## [DIRECTIONS]
In the entries that follow, repeat exactly the lines from the one that has "Dégueuloir du Ciel de Simic [Commander 2011]" through the one that has "zeitweilige Absperrungen Rammschutz-Bügel", but omit pictures.

### GIVEN RECORDS

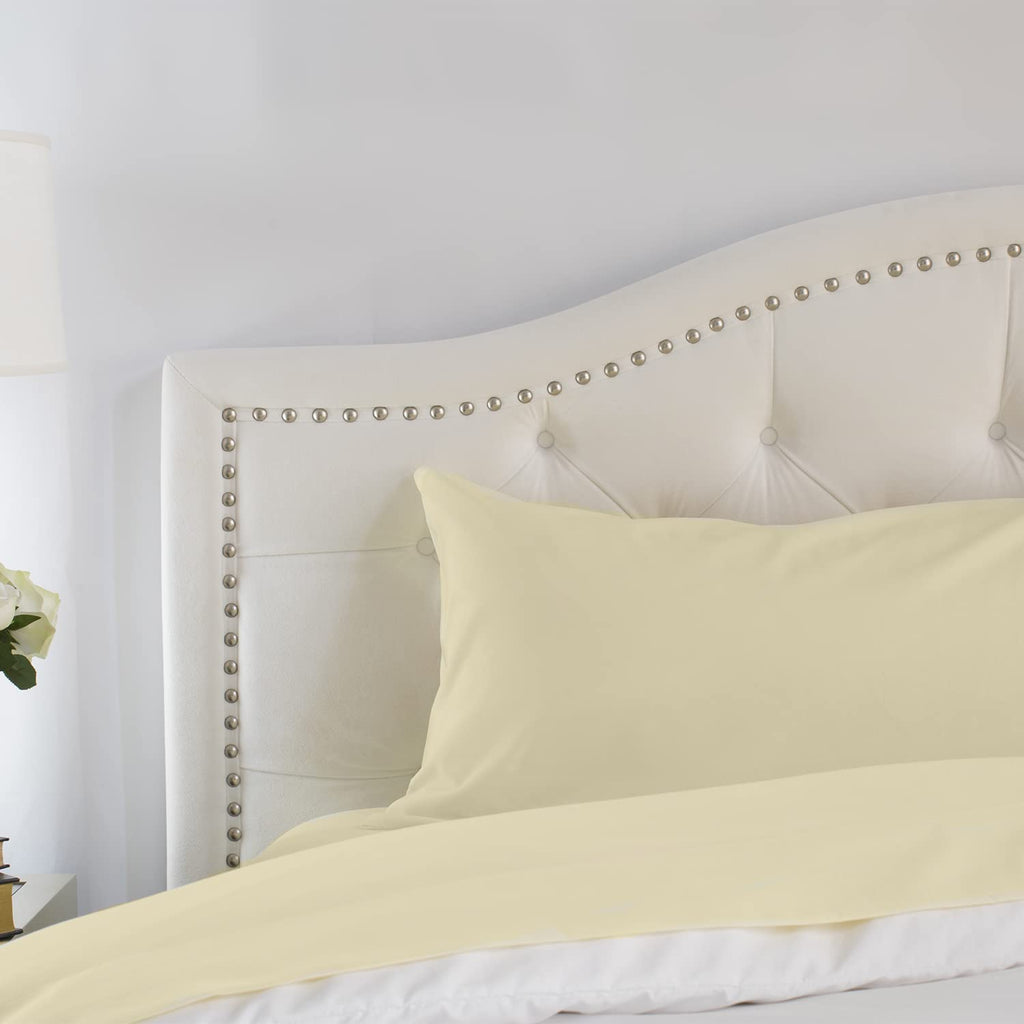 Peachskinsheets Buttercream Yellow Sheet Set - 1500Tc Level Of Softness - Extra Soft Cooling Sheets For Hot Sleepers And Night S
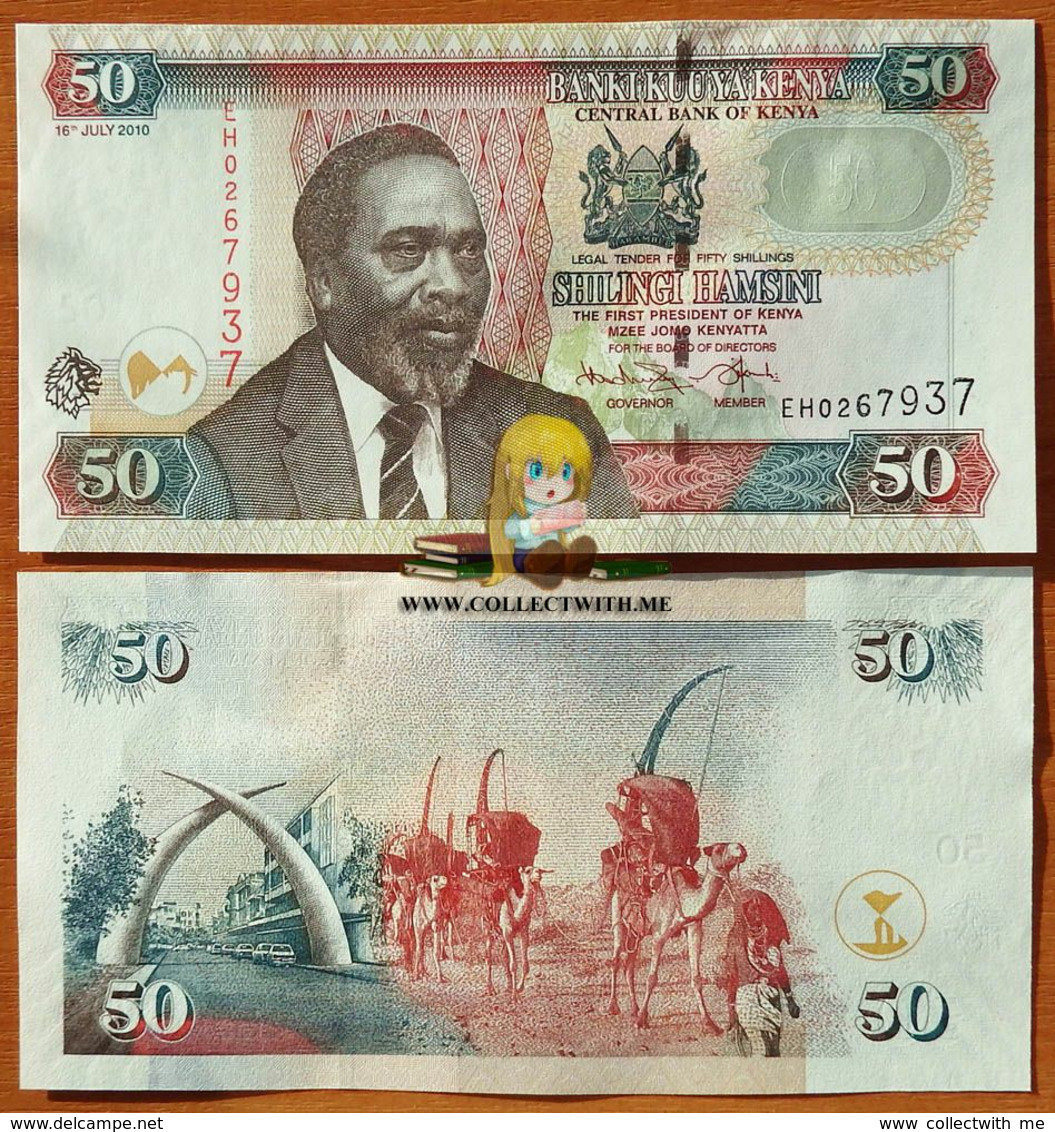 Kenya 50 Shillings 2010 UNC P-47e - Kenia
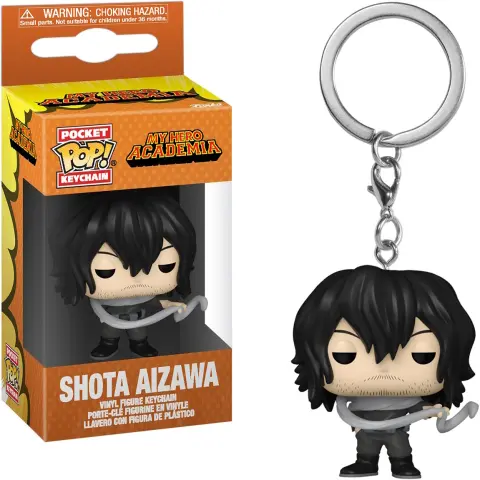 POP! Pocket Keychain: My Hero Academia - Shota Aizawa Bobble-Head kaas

######
### GIVEN RECORDS

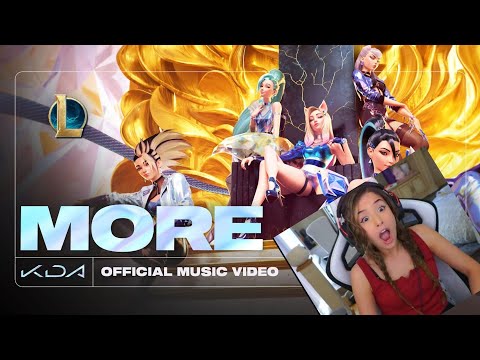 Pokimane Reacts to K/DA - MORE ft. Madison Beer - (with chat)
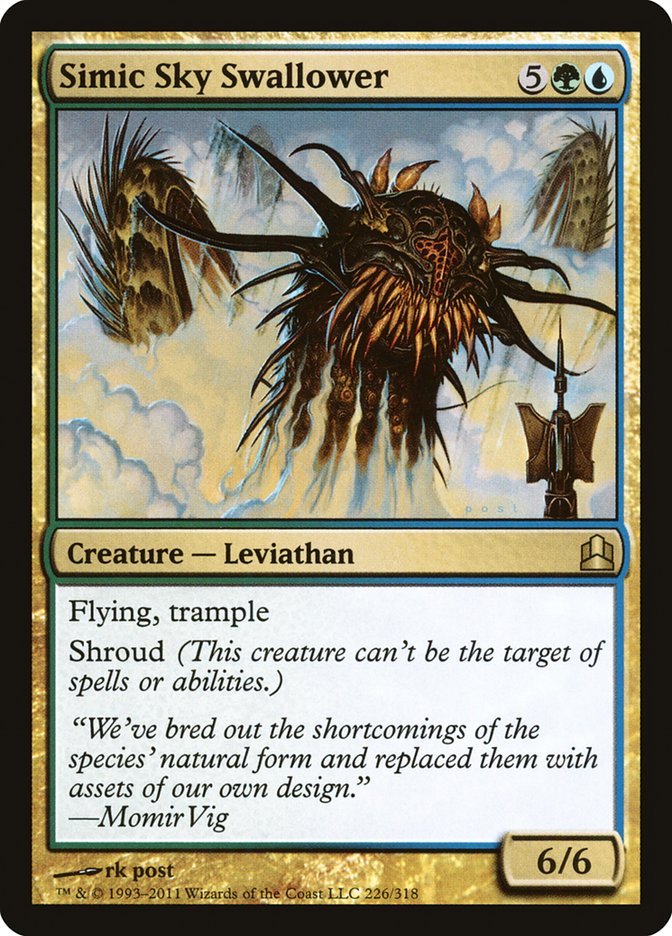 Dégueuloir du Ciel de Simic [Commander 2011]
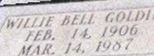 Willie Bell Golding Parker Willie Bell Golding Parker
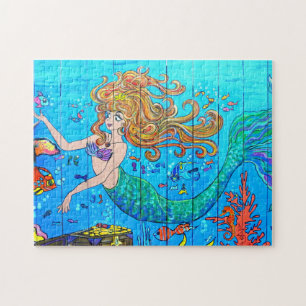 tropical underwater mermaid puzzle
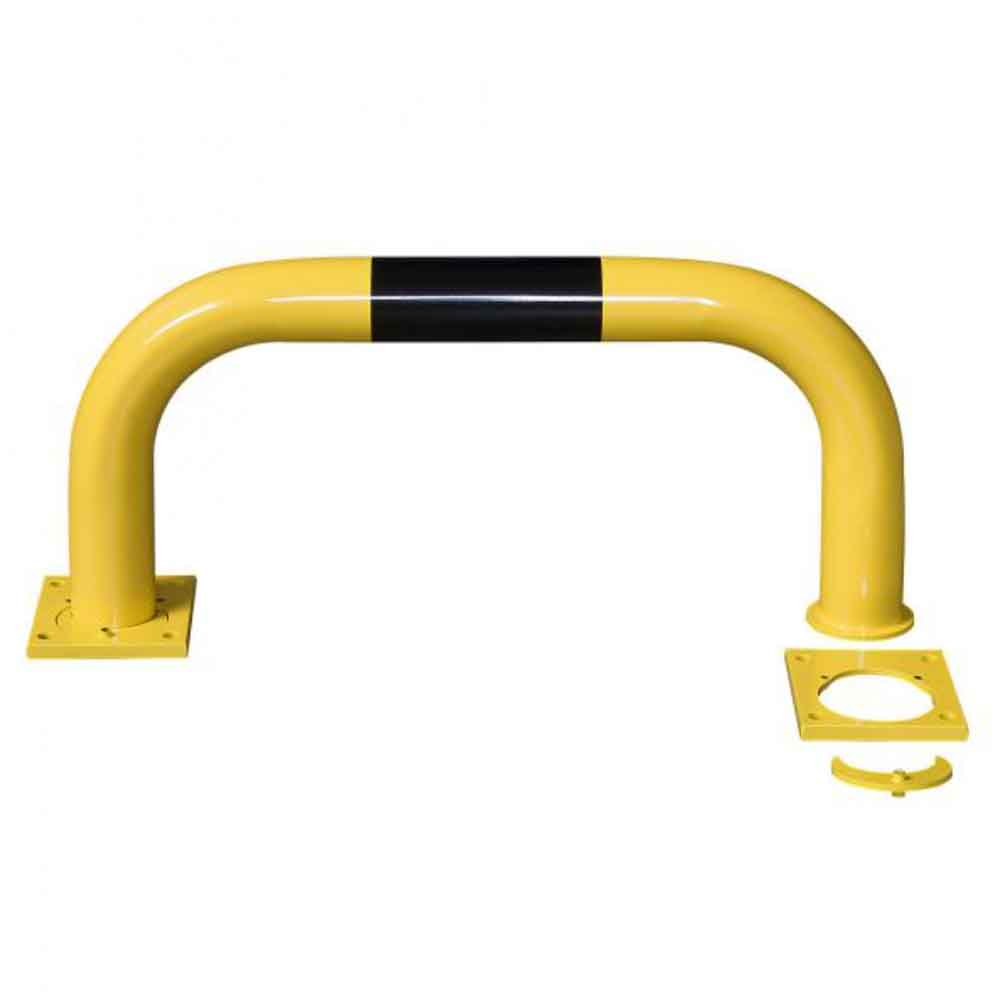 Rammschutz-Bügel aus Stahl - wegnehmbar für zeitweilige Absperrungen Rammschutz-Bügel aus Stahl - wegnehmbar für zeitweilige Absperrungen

######

## [ANSWER FOR THIS EXERCISE]
 Dégueuloir du Ciel de Simic [Commander 2011]
 Willie Bell Golding Parker Willie Bell Golding Parker
 tropical underwater mermaid puzzle
 Rammschutz-Bügel aus Stahl - wegnehmbar für zeitweilige Absperrungen Rammschutz-Bügel aus Stahl - wegnehmbar für zeitweilige Absperrungen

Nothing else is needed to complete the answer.